İçimden, "Ulan yoksa Oscar´a mı gidiyoruz" demiştim.
* * *
"Türk´ün Hollywood ile imtihanı"nda kazanılan bu muhteşem zaferi, iliklerime kadar hissetmek amacıyla kendimi hemen bir sinema salonuna attım.
Deniz Akkaya´ya gıcık olmama, Tamer Karadağlı´dan hazzetmememe karşın, atomla bile parçalanması güç olan önyargılarımı törpüledim.
Çünkü "Türklük başımda dumandı" ve ben ırkım adına gururlanmak istiyordum.
Neyse...
Filmimiz şöyle artistik ve etkileyici bir soygun sahnesiyle başladı:
Hızlı kamera hareketleri, bizim filmlerdeki gibi mantar tabancası kıvamında patlamayan silahlar, insanda hiçbir masraftan kaçınılmamış duygusu uyandıran prodüksiyon...
"Ulan iyi, ulan güzel" diyerek daha da dikkat kesildim.
Ancak...
Film ilerledikçe bendeki zafer duygusu hezimete dönüşmesin mi?
Şöyle söyleyeyim:
Bu film, benim uykusuz gecelerimde "son çare" olarak izlemek zorunda kaldığım, televizyonların gece yarısından epey sonra ekrana sürdükleri, kilo ile satılan dandik mi dandik video filmlerine benziyordu.

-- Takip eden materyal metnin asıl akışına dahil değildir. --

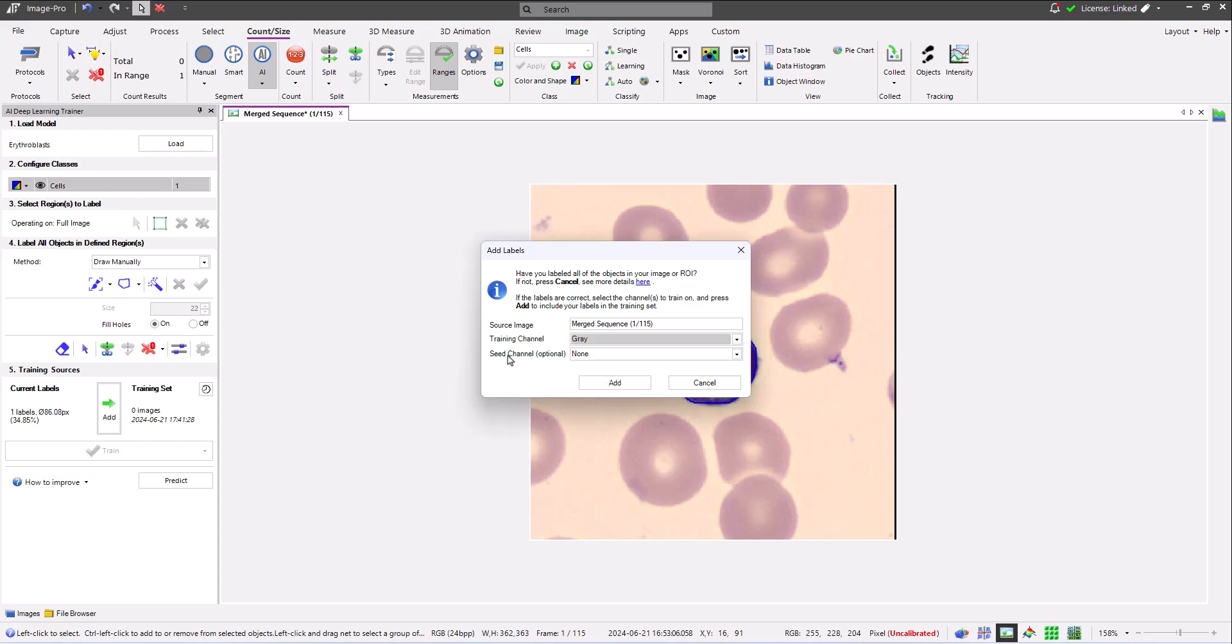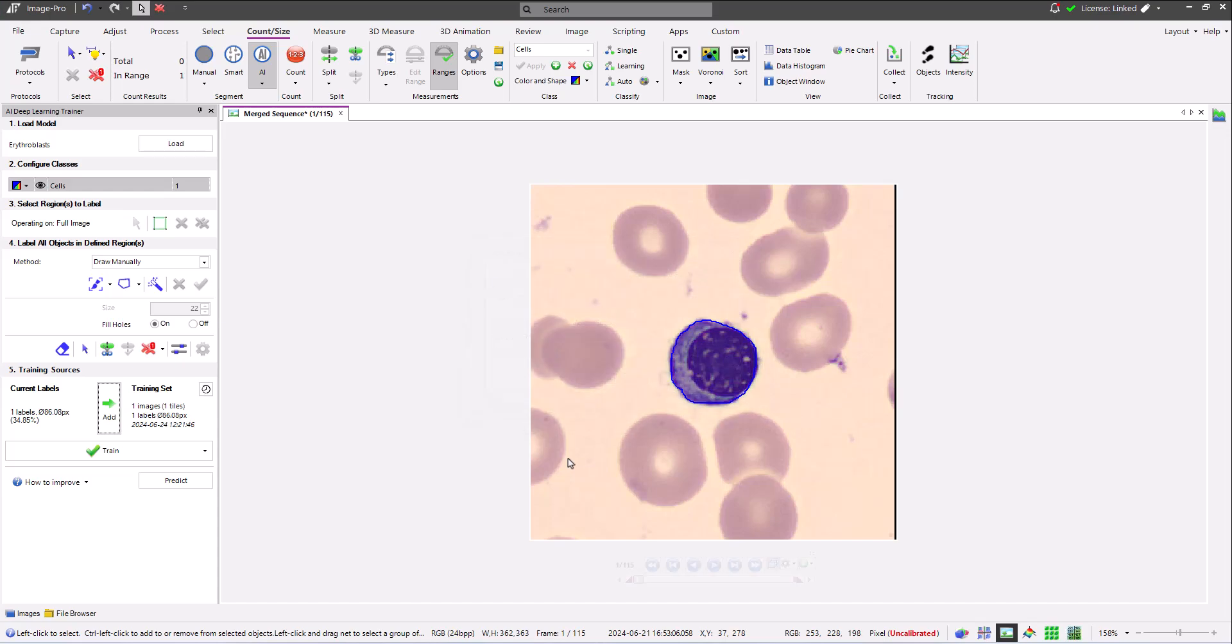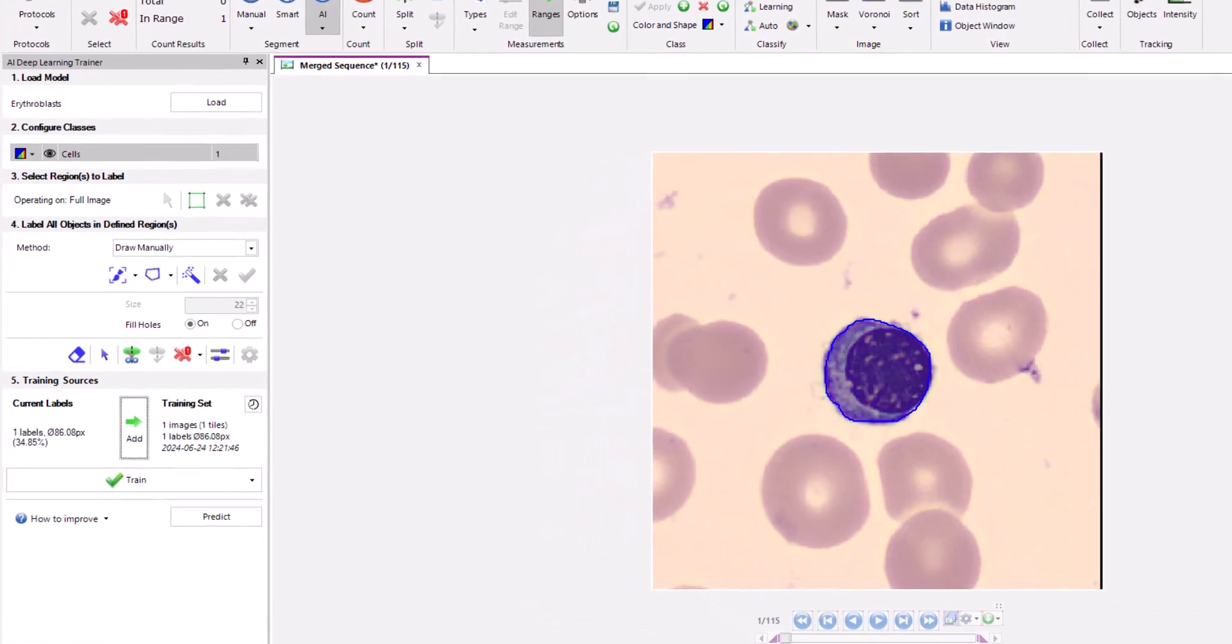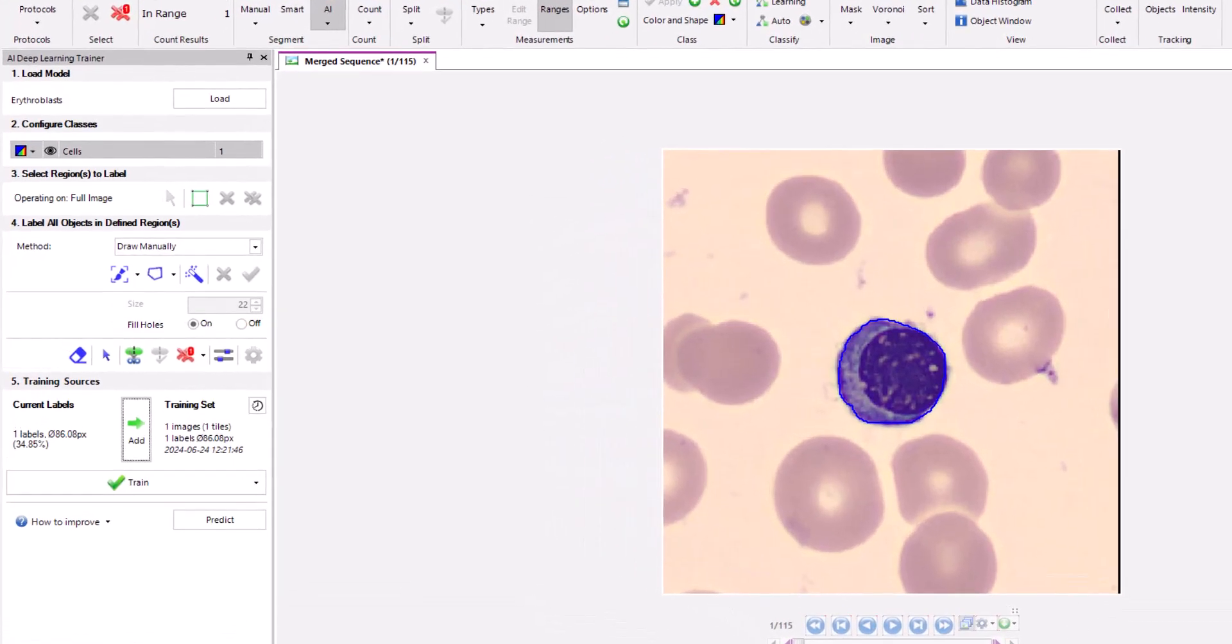The optional seed channel can be used to add context to objects. For example, the fluorescent cells model was trained with a training channel that contains stained cells and a seed channel that contains stained nuclei, helping the model to find cells with nuclei. In my case, with my color images, there is no channel to add context so I'll leave this optional channel set to none. After clicking add, my training set updates to show that it now contains one image and one label.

Hani şu "B sınıfı" dedikleri türden filmlere.
Klişenin kralı bir hikáye... Kopuk bir senaryo... Dökülen oyunculuklar... Türlü mantıksızlıklar... İnandırıcılıktan uzak sahneler...

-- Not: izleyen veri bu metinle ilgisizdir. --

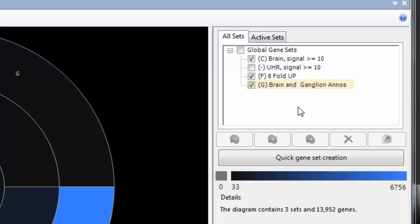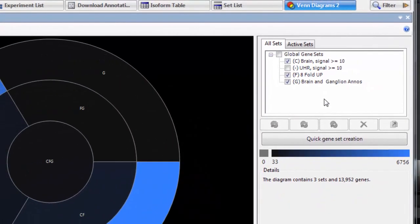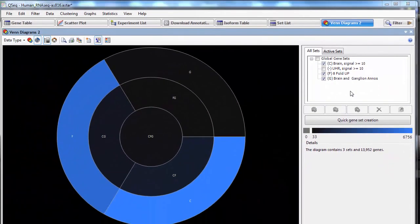This will help me see how many upregulated genes in the brain sample have a gene expression annotation that supports brain tissue expression.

Film o kadar berbattı ki, bunun yanında Michael Dudikoff filmleri bile başyapıt sayılabilirdi.
* * *
Peki ya bizimkiler?
B sınıfı bir filmle de olsa Hollywood´a uzanmayı başarmış bizimkiler nasıldı?
Çıkardığım karne şudur:
DENİZ AKKAYA: Bir televizyon muhabirini canlandıran Deniz Akkaya´nın, sırtında kamerayla kan dökülen acayip tehlikeli bir yere podyumda salınır gibi gitmesi acayip komikti. Tecavüz sahnesi için bir şey demek istemiyorum ama tecavüzün ardından sergilediği oyunculuk, "Sanat ve kaçınılması gereken abartı" başlıklı seminerlerde ders olarak okutulabilecek nitelikteydi.